PROBLEM TO SOLVE: Could the entries below be transcribed word for word, with the pictures omitted?
--- --- ---
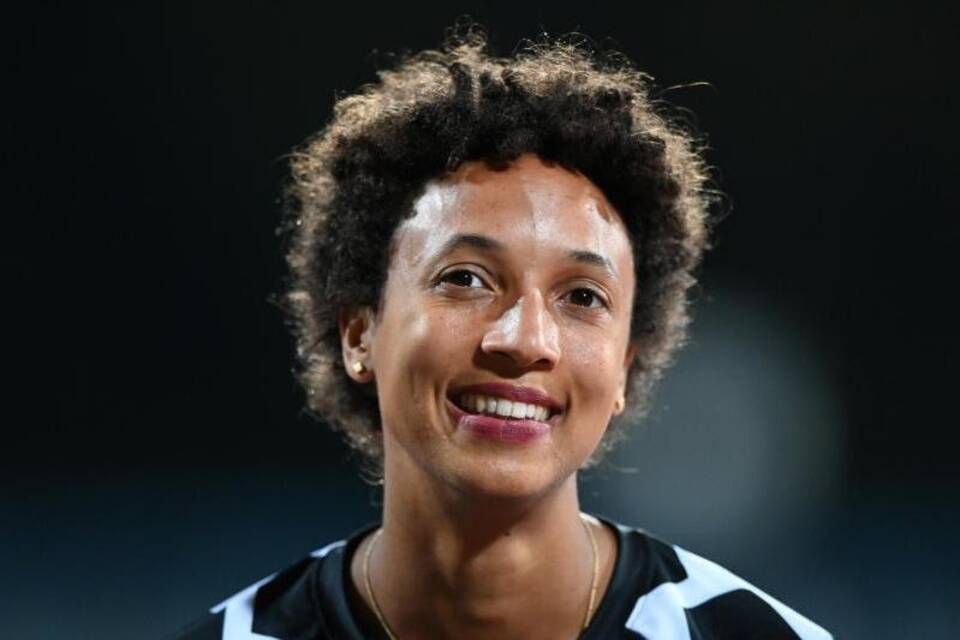Malaika Mihambo Malaika Mihambo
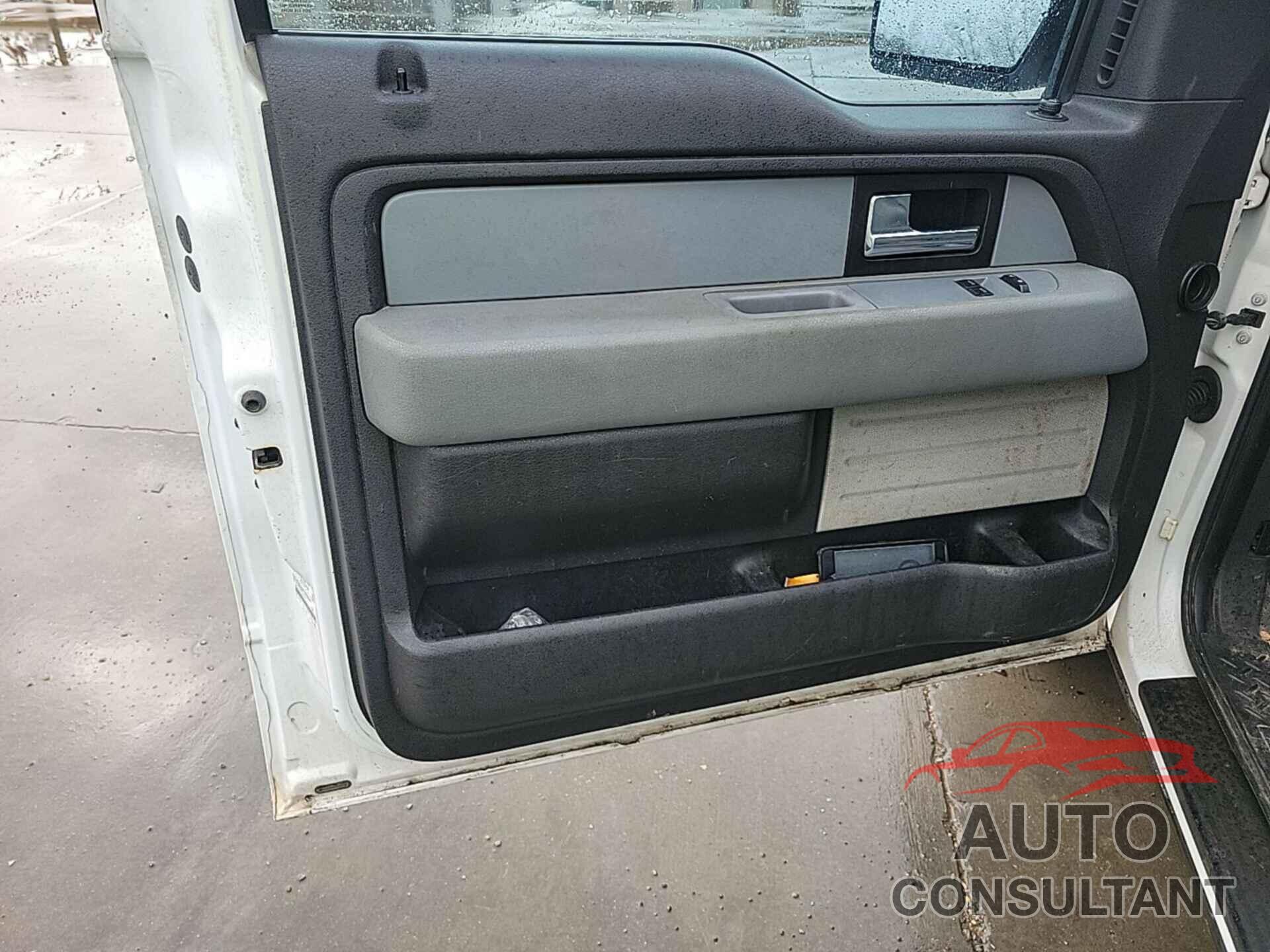FORD F150 2014 - 1FTMF1CMXEKG07667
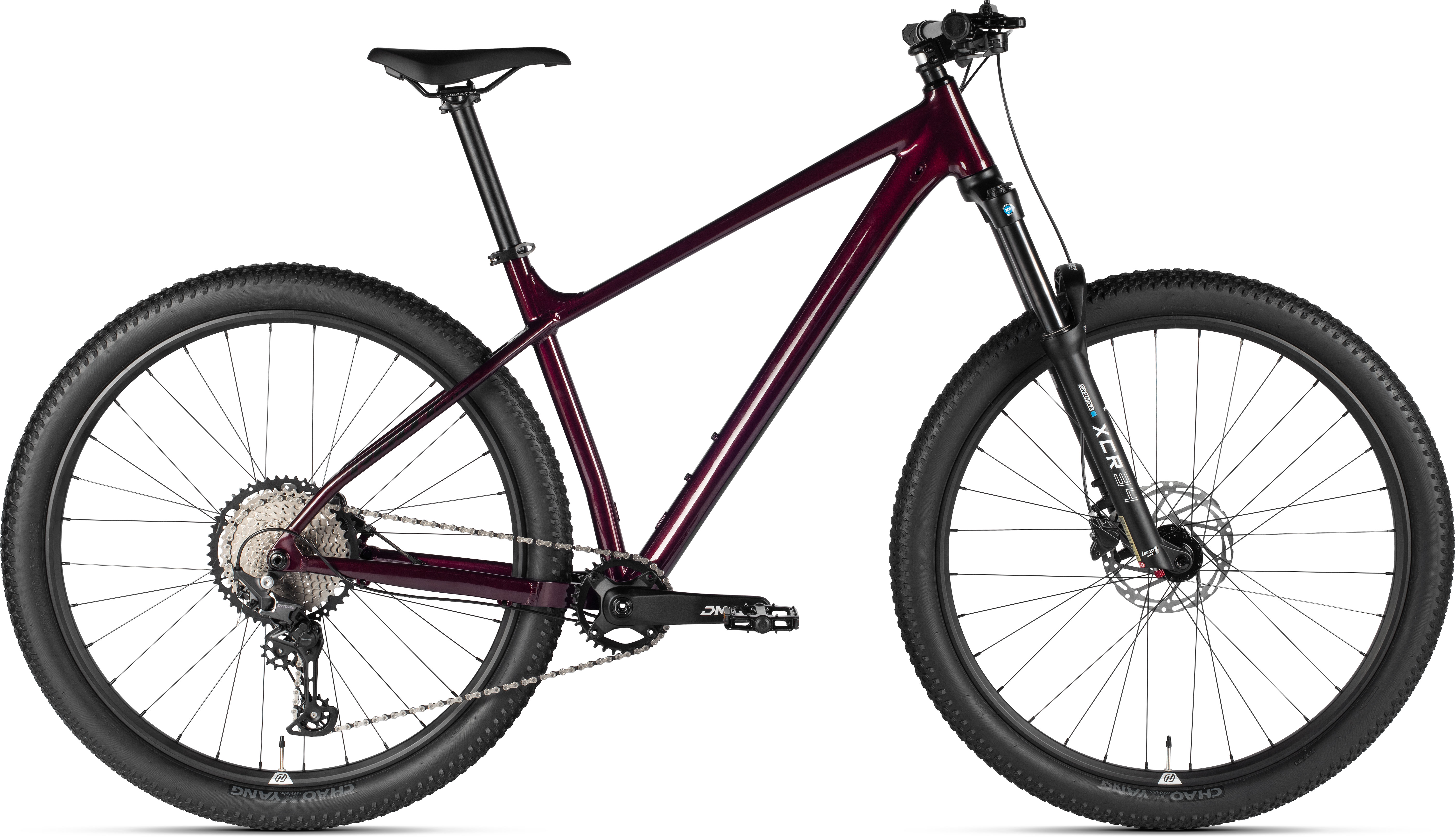Велосипед HORH ROOT Elite 29" (2025) Burgundy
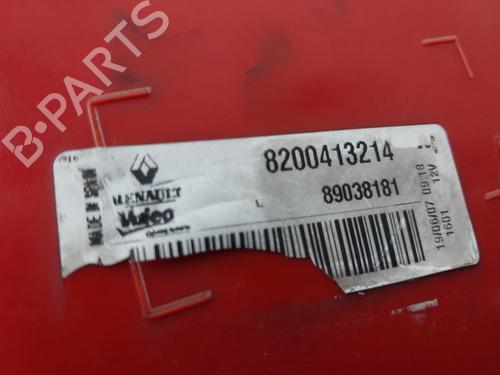 Left taillight RENAULT MEGANE II (BM0/1_, CM0/1_) 1.5 dCi (BM1E, CM1E) | BP19030447C34 
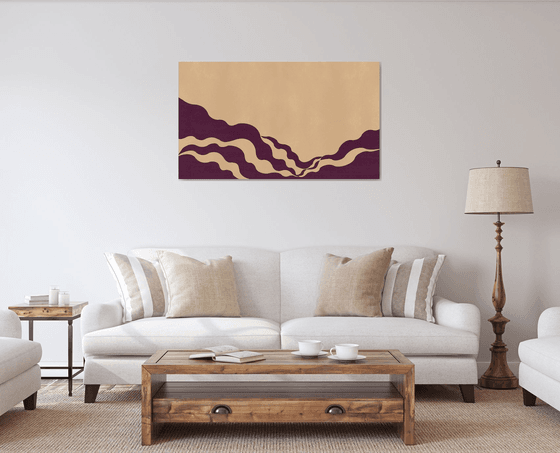 Abstract Landscape #12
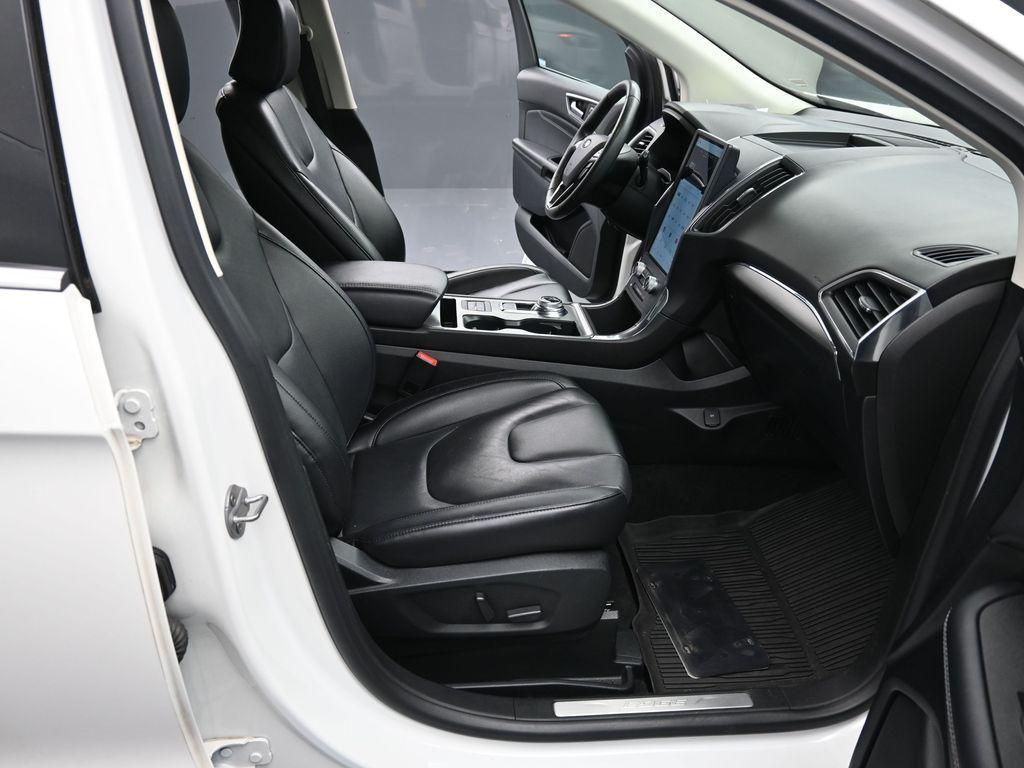 used 2022 Ford Edge car, priced at $24,673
--- --- ---
RESPONSE:
Malaika Mihambo Malaika Mihambo
FORD F150 2014 - 1FTMF1CMXEKG07667
Велосипед HORH ROOT Elite 29" (2025) Burgundy
 Left taillight RENAULT MEGANE II (BM0/1_, CM0/1_) 1.5 dCi (BM1E, CM1E) | BP19030447C34 
 Abstract Landscape #12
 used 2022 Ford Edge car, priced at $24,673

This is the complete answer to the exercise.